He will put his toys away, with some direction from me. Can't wait until he can do this job solo!

He's doing so well with directed retreive. He picks up stuff for me often - even did just fine with my creditc card off the hard floor. I have not started on coin retrieval yet.

For fun, I got an agility jump. We are working on AKC retrieve over a jump. I have not trained the front position, but everything else is there.

I really should train him more often, he has so much potential.


----------



## PlayfulPup (Aug 8, 2012)

Smart pup! If we were looking for a mini, I would defiantly add that breeder to my list if I could get a pup smart like yours!

I was always told that if you let a dog win at tug you are letting him be dominant over you (or something like that.) any insight you have is welcome.

We taught our (not so smart) beagle to fetch by cutting a slit in a tennis ball and putting a treat in it. Tossed it and when she eventually brought it near us, we would snag it and give her the treat. Eventually she caught on that bringing the ball meant a treat. she played for a few years and lost interest, but it was long enough our min pin caught on by example and now he enjoys fetch while she lazily watches.


----------



## caroline429 (Mar 5, 2012)

Spunky said:


> I was always told that if you let a dog win at tug you are letting him be dominant over you (or something like that.) any insight you have is welcome.


Not sure if this question was addressed to me or not but since I was the one who said I let my pup win at tug, thought I'd chime in.  

The thought used to be that you should never, under any circumstances, let a dog win at tug, because it would cause it to become dominant. The current feeling is that letting a dog win at tug is fine as long as there are some common sense rules applied to the game. For me, the number one rule is "no teeth on the human". If a tooth accidentally touches me, the game stops. I've also always made sure the dog would drop the tug on command. You need to be able to end the game in case the dog gets too wound up.

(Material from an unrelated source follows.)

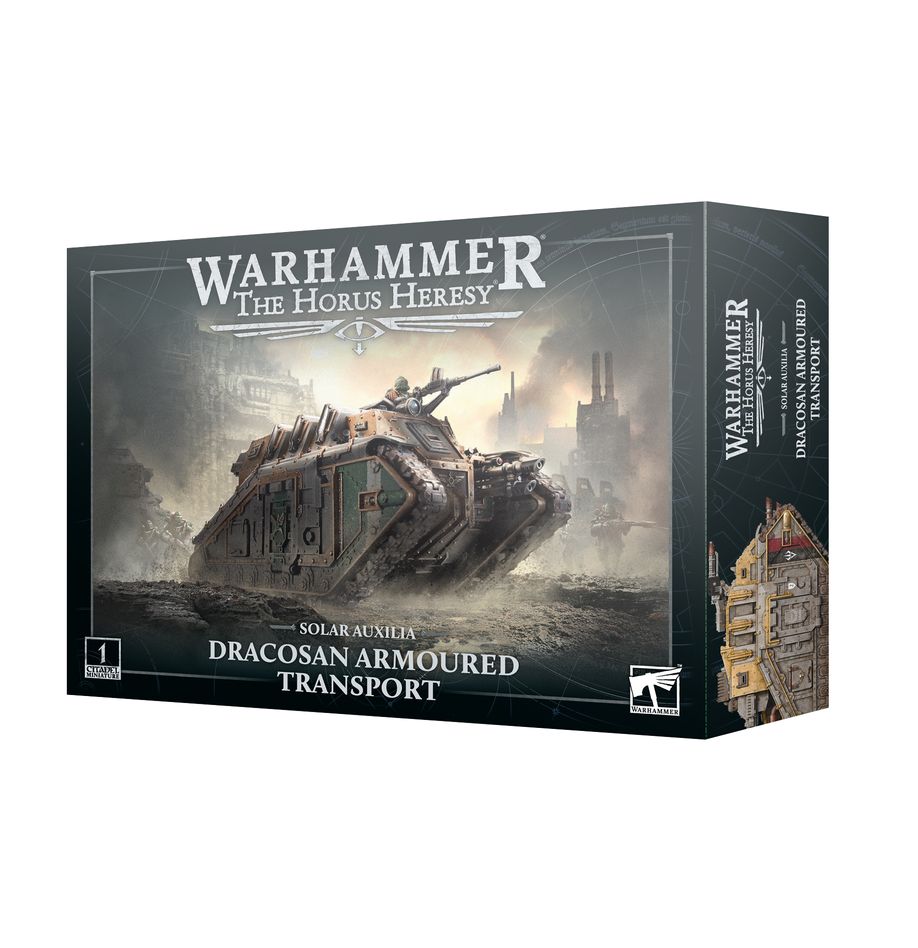 Warhammer - The Horus Heresy: Solar Auxilia - Dracosan Armoured Transport (31-71)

I also think you have to be aware of the temperament of the dog you want to play with. It wouldn't be wise to play tug with a dog who's already got dominance issues in other areas but if you've got a good-natured dog who follows the rules, they're not going to become dominant because you let them win. I let Cali win just about every time and although she's very confident, she is not dominant though, at the moment, she is pushing a basketball around the floor, trying desperately to get it under her control. LOL


----------